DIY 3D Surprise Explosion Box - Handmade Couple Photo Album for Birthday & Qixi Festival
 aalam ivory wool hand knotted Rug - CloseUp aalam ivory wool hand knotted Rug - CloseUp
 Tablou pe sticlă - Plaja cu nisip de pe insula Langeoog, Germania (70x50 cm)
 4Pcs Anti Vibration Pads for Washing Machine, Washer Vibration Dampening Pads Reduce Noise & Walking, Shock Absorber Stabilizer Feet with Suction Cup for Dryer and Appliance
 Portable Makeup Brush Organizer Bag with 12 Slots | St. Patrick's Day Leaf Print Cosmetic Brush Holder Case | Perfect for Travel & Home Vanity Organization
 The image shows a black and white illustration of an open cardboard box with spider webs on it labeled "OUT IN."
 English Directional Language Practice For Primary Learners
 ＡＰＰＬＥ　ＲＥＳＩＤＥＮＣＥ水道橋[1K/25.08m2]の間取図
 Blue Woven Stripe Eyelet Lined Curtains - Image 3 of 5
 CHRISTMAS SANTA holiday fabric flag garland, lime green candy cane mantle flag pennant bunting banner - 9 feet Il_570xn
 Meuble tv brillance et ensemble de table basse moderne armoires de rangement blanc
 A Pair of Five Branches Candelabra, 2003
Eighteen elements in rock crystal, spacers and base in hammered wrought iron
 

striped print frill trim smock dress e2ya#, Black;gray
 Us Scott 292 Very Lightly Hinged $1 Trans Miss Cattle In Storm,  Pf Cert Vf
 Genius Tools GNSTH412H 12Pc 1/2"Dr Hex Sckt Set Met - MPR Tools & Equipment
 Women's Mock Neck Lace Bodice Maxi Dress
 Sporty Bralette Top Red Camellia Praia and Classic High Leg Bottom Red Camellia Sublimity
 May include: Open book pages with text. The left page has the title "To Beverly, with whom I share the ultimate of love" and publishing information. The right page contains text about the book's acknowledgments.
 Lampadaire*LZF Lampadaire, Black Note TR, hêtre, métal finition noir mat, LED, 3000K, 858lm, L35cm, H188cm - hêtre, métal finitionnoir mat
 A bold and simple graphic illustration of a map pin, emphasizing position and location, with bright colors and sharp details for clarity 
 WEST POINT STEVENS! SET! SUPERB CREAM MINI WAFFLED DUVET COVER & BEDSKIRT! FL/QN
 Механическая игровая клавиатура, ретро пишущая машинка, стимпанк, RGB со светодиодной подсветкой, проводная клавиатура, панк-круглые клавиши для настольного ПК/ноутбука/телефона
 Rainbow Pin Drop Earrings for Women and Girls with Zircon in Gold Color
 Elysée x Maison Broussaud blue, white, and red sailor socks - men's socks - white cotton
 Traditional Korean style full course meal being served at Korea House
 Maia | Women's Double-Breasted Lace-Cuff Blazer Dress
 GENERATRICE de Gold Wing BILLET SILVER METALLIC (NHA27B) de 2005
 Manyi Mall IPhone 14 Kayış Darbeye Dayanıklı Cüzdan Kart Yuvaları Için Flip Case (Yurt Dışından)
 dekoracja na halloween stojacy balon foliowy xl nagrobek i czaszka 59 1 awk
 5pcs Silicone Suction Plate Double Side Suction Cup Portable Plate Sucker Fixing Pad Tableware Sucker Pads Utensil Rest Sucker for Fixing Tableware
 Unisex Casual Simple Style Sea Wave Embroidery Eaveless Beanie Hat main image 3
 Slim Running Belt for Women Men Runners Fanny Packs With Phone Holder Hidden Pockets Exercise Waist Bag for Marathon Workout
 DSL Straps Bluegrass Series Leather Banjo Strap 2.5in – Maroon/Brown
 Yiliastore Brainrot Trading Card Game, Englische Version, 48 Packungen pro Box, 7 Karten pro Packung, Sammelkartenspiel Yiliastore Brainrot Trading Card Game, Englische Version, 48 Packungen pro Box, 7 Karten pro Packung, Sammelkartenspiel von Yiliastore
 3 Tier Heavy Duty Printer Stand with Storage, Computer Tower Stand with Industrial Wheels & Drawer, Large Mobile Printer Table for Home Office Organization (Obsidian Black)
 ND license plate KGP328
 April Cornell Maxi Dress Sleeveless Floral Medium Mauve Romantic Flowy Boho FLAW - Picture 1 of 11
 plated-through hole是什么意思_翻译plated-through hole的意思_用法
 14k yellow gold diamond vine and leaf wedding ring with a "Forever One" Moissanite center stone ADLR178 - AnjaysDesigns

PROBLEM STATEMENT → Go through the listing above and return each line where the word "Home" occurs.

REPLY TO THE TASK →
 Portable Makeup Brush Organizer Bag with 12 Slots | St. Patrick's Day Leaf Print Cosmetic Brush Holder Case | Perfect for Travel & Home Vanity Organization
 3 Tier Heavy Duty Printer Stand with Storage, Computer Tower Stand with Industrial Wheels & Drawer, Large Mobile Printer Table for Home Office Organization (Obsidian Black)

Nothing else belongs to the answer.